Draft SDG target 10.5 currently reads: “improve regulation and monitoring of global financial markets and institutions and strengthen implementation of such regulations.”
A Global System Conducive to Financing Development
Estimates of the scale of necessary financing for the SDGs and the post-2015 development agenda are substantial but well within the capacity of the global system. The August 2014 report of the Intergovernmental Committee of Experts on Sustainable Development Financing (ICESDF) indicated that the global economy generates savings of $22 trillion annually. The experts estimated that for infrastructure alone $5-7 trillion annually would be required and for eradicating extreme poverty $66 billion annually.
The FfD process has consistently treated the scale and direction of financing for development and the institutional environment as two sides of the same coin. Moreover, both the domestic and international environments are intimately connected.
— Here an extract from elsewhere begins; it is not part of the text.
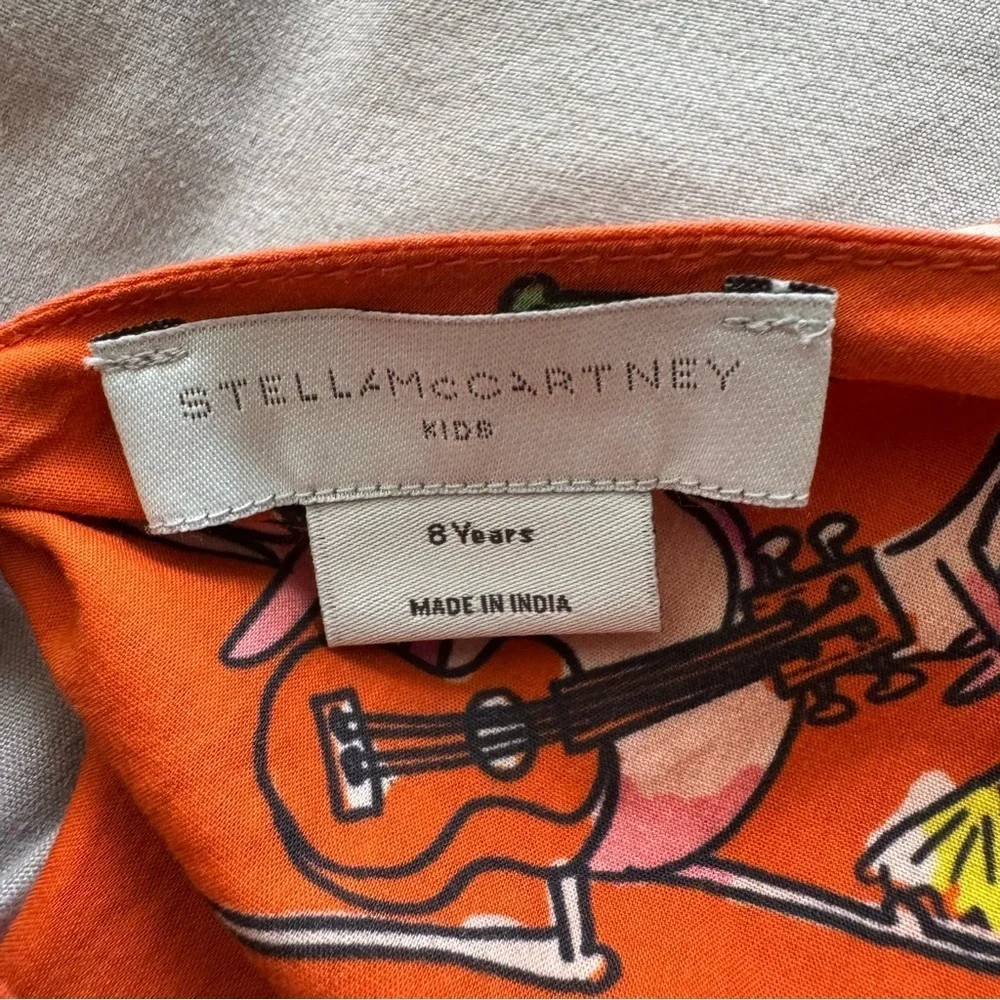 Stella McCartney Orange Flamingo Heart Tiered Dress in size 8 YR Girls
Developing countries, for example, can mobilize domestic financing from national savings and taxes for development, but such an effort can be undone by capital flight and tax evasion if international cooperation is inadequate to monitor and reduce illegal activities.
It is therefore important for the discussions in Addis to result in an outcome that incorporates means of monitoring and accountability in building a global system conducive to financing development.
This paper identifies six critical areas for which institutional progress is deemed essential in the global South.
1. Mobilizing domestic financial resources for development. In this context, it is important to note that public domestic finance in developing countries more than doubled between 2002 and 2011, increasing from US$ 838 billion to $ 1.86 trillion. This bright spot in the FfD process must be strengthened with international cooperation, upgrading international tax cooperation and multilateral efforts against capital flight and tax evasion.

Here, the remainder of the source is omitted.